Information provided =>
------------------------------------------------------------------------

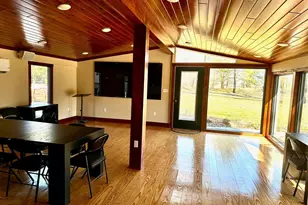23629 Willow Pond Rd, Denton, MD 21629 - Photo 20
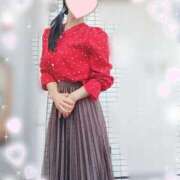 ヒメ日記 2025/11/15 11:35 投稿 千歳（ちとせ） 熟女の風俗最終章 大宮店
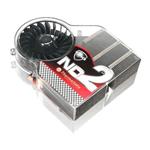THERMALTAKE TMG ND2 (CL-G0078) - původní cena 998,- Kč bez DPH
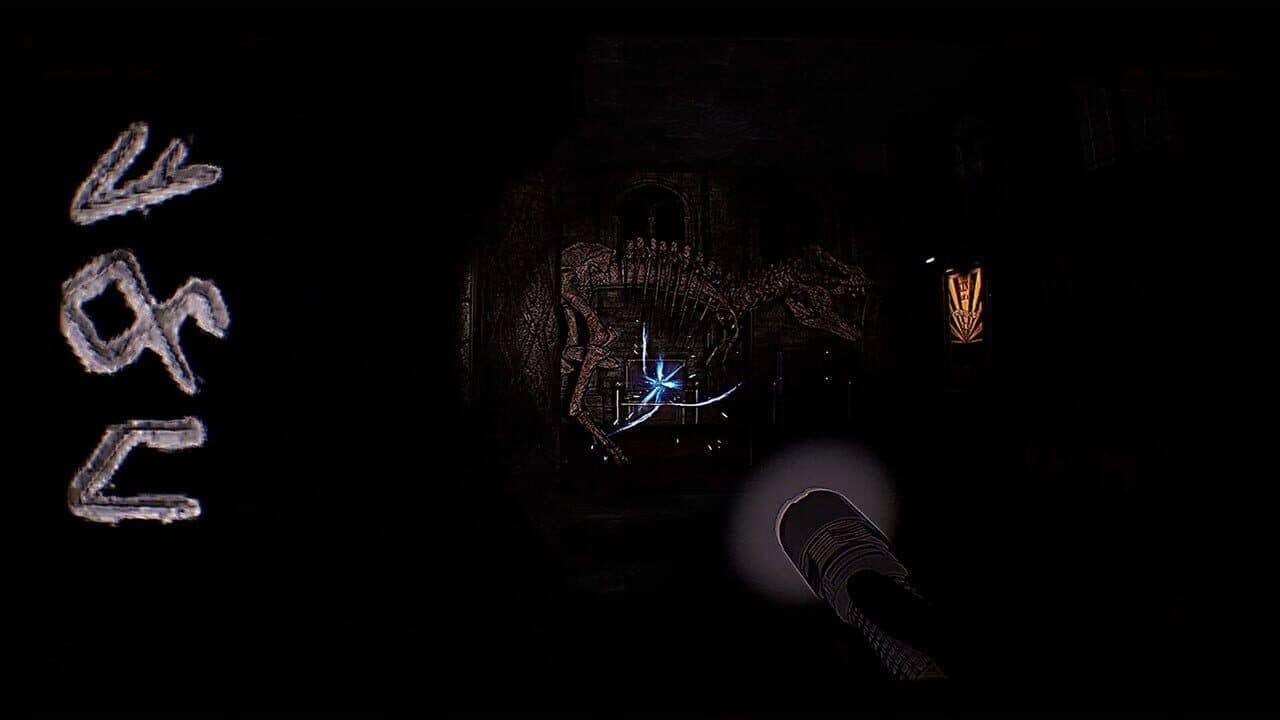 Floor 100 thumbnail 7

------------------------------------------------------------------------

Task objective => Your copy must start at the line that holds "ヒメ日記 2025/11/15 11:35" and end at the last line of the data, both included; it must contain no pictures.

Answer box =>
 ヒメ日記 2025/11/15 11:35 投稿 千歳（ちとせ） 熟女の風俗最終章 大宮店
THERMALTAKE TMG ND2 (CL-G0078) - původní cena 998,- Kč bez DPH
 Floor 100 thumbnail 7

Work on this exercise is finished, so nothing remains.